Web Content grounding in M365 Copilot vs Microsoft Copilot(BCE)

Copper Contributor
Does commercial data protection apply to prompts and responses within Copilot for Microsoft 365 when web content is enabled? Does it get the same protections as Microsoft Copilot, formerly known as Bing Chat for Enterprise?  How is company data handled in this scenario?

I've tried to follow the trail of privacy, terms of use, etc for Bing Search services, but have come up empty with how the data is handled from the company's perspective.  All I see is in association to end user privacy.  This is a gap in documentation either from an omission standpoint or simplicity and explicit standpoint. It is certainly unclear to me.

Full transparency: I posted this in the Bing hub as well. 
2 Replies
Commercial data protection means that your prompts and the responses to and from Copilot are not going to be saved anywhere. They aren’t going to be used to train the model. As of the date of the recording, these are all of the licenses that will have this commercial data protection feature:

Microsoft 365 F1
Microsoft Office 365 E1, E1 Plus, E3, E5, F3
Microsoft 365 Business Basic
Microsoft 365 Apps for Enterprise
Microsoft 365 Apps for Business

Does it answer your question ?



Commercial Data Protection is only being shown to protect Microsoft Copilot, but not Microsoft Copilot for Microsoft 365.. aka M365 Copilot.


While M365 Copilot is Work focused(looking at data within your organization), the plugin for Web Content that can expose your prompts to the Bing Search API, does not seemingly safeguard your company data from being exposed in the same way as how Microsoft Copilot (formerly Bing Chat for Enterprise) does. At least the Bing Search API Legal page doesn't share the protections from my non-attorney read of it.
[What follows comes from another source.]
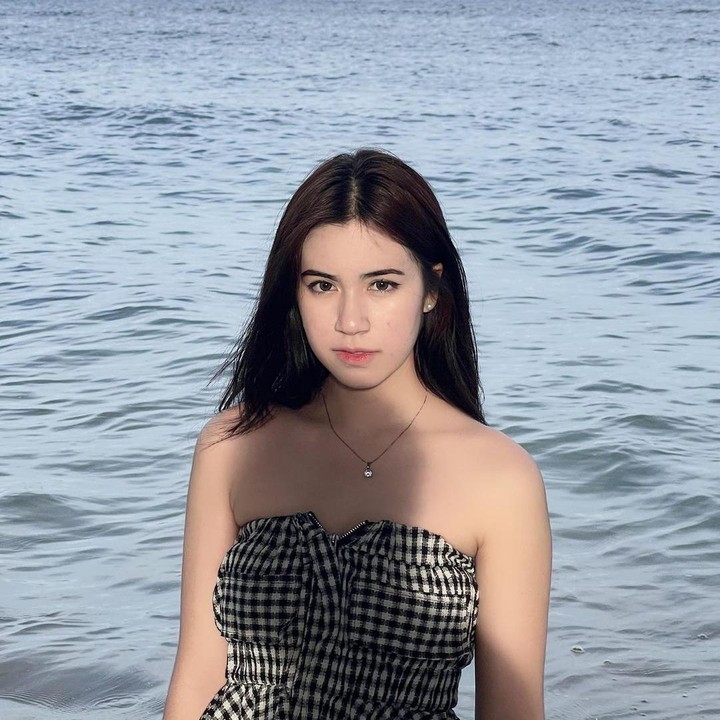 <p>Rinoa Senduk memang memiliki penampilan cantik dan menawan ya, Bunda. Kita doakan semoga kariernya di dunia hiburan panjang umur dan semakin sukses, ya. (Foto: Instagram @rinoaaurora)</p>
In https://www.microsoft.com/en-us/bing/apis/legal, Bing Search API Legal Information, Section 6, Data collection and privacy,
it states:

(a) Microsoft may collect information from you or End Users such as, but not limited to, an End User's IP address, requests, time of submissions and the results returned to the End User, in connection with transaction requests to the Services. All access to and use of the Services is subject to the data practices set forth in the then-current Privacy Statement, a current copy of which is available at https://privacy.microsoft.com/en-us/privacystatement. You are responsible for providing End Users with adequate notice of the privacy practices applicable to your Application.

(b) Your use of the Services is subject to the applicable terms set forth in the Online Services Terms available at available at https://www.microsoft.com/en-us/licensing/product-licensing/products.aspx . Only the following sections of the Online Services Data Protection Addendum (also available at available at https://www.microsoft.com/en-us/licensing/product-licensing/products.aspx) apply to the Services: Data Transfers, Use of Subcontractors, and How to Contact Microsoft. These sections do not apply to previews. The GDPR Terms (as defined in the Data Protection Addendum) do not apply to the Services.



With this, I am leaning towards the thought that we can't expect company data to be protected IF/WHEN using the Web Content plugin with Microsoft Copilot for Microsoft 365.